**Task:** Return the lines exactly as they stand, from the first of the material through the line containing "Front exterior —".

**Material for this task:**
*** Begin section ***

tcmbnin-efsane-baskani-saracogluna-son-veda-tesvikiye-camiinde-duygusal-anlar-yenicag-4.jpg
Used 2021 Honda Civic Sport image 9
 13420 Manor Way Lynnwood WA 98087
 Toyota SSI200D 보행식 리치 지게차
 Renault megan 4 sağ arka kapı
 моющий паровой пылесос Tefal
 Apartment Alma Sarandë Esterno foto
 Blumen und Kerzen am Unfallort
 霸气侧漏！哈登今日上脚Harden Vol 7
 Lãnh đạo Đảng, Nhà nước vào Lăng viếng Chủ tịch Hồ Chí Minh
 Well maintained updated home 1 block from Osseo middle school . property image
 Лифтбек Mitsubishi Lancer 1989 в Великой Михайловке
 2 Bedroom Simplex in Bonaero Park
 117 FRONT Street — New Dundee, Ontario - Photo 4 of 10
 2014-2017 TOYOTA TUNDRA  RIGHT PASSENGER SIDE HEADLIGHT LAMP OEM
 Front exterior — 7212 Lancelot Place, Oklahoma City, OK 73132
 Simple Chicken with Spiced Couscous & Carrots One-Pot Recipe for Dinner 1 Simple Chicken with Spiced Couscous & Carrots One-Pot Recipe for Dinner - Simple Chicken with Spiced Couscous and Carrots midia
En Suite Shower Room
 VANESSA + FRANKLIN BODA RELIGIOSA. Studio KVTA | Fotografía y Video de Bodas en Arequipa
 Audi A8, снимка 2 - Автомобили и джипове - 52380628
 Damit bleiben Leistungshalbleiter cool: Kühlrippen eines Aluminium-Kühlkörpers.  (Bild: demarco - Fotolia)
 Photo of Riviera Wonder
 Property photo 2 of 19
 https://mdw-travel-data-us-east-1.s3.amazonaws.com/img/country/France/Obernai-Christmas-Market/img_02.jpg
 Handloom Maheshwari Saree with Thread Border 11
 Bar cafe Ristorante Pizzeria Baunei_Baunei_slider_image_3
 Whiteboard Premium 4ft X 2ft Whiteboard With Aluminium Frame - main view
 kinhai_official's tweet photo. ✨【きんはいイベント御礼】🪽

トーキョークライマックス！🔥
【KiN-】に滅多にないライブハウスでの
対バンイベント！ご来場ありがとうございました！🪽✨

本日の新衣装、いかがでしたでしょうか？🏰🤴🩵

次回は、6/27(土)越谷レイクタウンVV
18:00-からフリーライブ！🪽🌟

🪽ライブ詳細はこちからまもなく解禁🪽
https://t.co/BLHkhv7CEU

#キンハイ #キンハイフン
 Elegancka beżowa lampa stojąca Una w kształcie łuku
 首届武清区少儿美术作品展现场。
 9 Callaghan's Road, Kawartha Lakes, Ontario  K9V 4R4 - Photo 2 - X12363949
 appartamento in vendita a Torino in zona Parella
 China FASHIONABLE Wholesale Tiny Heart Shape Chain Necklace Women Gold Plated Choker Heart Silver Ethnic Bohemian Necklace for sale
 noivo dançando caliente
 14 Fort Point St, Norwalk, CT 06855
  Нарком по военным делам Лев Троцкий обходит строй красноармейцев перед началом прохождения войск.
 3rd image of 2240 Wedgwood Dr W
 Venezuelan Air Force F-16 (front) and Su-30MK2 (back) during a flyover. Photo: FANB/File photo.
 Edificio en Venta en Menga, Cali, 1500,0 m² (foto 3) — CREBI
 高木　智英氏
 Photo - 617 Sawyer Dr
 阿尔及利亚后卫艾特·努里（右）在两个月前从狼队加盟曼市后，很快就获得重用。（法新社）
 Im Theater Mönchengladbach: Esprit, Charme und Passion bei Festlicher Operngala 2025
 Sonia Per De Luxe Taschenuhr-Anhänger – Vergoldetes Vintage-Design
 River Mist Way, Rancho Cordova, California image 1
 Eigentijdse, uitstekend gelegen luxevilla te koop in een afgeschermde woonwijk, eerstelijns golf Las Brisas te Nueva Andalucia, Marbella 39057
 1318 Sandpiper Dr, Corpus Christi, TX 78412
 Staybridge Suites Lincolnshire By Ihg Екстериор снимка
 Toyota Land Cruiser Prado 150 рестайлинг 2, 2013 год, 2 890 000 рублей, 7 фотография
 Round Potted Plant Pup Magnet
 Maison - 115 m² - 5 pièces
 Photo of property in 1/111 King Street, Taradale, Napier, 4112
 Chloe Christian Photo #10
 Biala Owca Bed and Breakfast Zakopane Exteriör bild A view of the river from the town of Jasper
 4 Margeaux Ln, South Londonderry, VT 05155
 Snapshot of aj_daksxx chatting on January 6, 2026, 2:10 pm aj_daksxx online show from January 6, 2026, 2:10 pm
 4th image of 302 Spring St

*** End section ***

**Answer section:**
tcmbnin-efsane-baskani-saracogluna-son-veda-tesvikiye-camiinde-duygusal-anlar-yenicag-4.jpg
Used 2021 Honda Civic Sport image 9
 13420 Manor Way Lynnwood WA 98087
 Toyota SSI200D 보행식 리치 지게차
 Renault megan 4 sağ arka kapı
 моющий паровой пылесос Tefal
 Apartment Alma Sarandë Esterno foto
 Blumen und Kerzen am Unfallort
 霸气侧漏！哈登今日上脚Harden Vol 7
 Lãnh đạo Đảng, Nhà nước vào Lăng viếng Chủ tịch Hồ Chí Minh
 Well maintained updated home 1 block from Osseo middle school . property image
 Лифтбек Mitsubishi Lancer 1989 в Великой Михайловке
 2 Bedroom Simplex in Bonaero Park
 117 FRONT Street — New Dundee, Ontario - Photo 4 of 10
 2014-2017 TOYOTA TUNDRA  RIGHT PASSENGER SIDE HEADLIGHT LAMP OEM
 Front exterior — 7212 Lancelot Place, Oklahoma City, OK 73132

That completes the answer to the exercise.